Germany reported an as-expected EUR 3.7 billion current account surplus in May, down from EUR 5.5 billion in April and EUR 8.1 billion in May 2008.  The seasonally adjusted trade surplus rose to EUR 10.3 billion from EUR 9.0 billion in April and a first-quarter average of EUR 8.2 billion per month.  Exports only firmed 0.3% after diving 44.2% at an annualized rate in the six months to April.  Imports fell 2.1% in May, continuing their sharp downtrend.  Both exports and imports were over 20% lower than in May 2008.

German consumer prices were confirmed to have risen 0.4% in June and by 0.1% from a year earlier.  In 1H09, the total CPI rose 0.9% at a seasonally adjusted rate, constrained by a 2.8% annualized decline in food.  Real manufacturing turnover in Germany sank 19% in the year to May, with drops of 14.6% in domestic turnover and 24% in the foreign component of the index.

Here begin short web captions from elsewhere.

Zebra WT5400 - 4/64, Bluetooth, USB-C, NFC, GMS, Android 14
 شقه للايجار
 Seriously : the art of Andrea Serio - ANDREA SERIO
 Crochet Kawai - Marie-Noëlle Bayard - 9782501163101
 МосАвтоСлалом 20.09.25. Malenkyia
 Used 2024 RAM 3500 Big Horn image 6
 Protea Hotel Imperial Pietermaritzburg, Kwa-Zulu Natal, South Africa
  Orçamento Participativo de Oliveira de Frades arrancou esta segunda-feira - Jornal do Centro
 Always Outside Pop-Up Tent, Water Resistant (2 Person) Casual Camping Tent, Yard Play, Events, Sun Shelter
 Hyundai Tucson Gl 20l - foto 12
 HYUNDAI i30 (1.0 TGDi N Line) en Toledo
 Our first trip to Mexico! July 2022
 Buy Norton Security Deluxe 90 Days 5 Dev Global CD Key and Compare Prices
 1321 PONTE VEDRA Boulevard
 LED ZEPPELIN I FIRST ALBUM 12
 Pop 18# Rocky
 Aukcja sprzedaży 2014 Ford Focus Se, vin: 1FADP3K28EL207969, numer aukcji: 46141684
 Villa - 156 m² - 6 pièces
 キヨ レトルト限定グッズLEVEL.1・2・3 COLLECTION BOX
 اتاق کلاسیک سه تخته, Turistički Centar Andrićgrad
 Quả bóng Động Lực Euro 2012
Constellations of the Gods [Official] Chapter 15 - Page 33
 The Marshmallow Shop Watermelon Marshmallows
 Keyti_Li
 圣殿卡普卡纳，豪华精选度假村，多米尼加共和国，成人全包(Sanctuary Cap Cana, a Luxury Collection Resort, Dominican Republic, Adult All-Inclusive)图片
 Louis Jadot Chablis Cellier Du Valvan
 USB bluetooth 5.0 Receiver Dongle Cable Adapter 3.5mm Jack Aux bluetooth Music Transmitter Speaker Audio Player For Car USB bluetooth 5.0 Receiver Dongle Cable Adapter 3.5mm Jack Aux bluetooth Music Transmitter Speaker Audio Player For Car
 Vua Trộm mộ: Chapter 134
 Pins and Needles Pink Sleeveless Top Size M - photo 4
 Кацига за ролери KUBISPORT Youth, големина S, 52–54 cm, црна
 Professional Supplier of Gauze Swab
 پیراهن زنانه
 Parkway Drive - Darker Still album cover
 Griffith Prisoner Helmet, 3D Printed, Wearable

Britain’s merchandise trade deficit narrowed from Gbp 7.137 billion in April to Gbp 6.263 billion in May, smallest since June 2006.  Export and import volumes each dropped about 4%.  The goods and services deficit in May of Gbp 2.168 billion was smaller than forecasts that such would be Gbp 2.8 billion.

Swedish consumer prices firmed 0.2% in June but fell 0.6% from June 2008.  Dutch consumer prices slid 0.3% in June, cutting the 12-month increase to 1.4% from 1.6% in May and 2.6% a year earlier.  Czech consumer prices were unchanged in June and posted a 12-month rise of 1.2%, lowest since end-2003.  Irish consumer prices slipped 0.3% last month and by 5.4% on year, but such fell just 1.6% excluding falling mortgage interest costs.

Malaysian industrial output rose 1.6% in May but dropped 11.1% from a year earlier.  Pakistani CPI inflation eased from 14.4% in May to 13.1% in June, a 16-month low.  Consumer confidence in Thailand improved with a reading of 65.4 in June after a 7-year low of 64.3 in May.

Mining production in South Africa fell 14.5% in the year to May, deeper than the 10.6% on-year drop in April.

Hungary‘s January-May trade surplus of EUR 1.53 billion was 5.1 times wider than a year earlier.

Central banks in the Philippines, Chile, Colombia, and Peru will announces interest rate decisions later today.  Scheduled U.S. data include wholesale inventories and weekly jobless claims.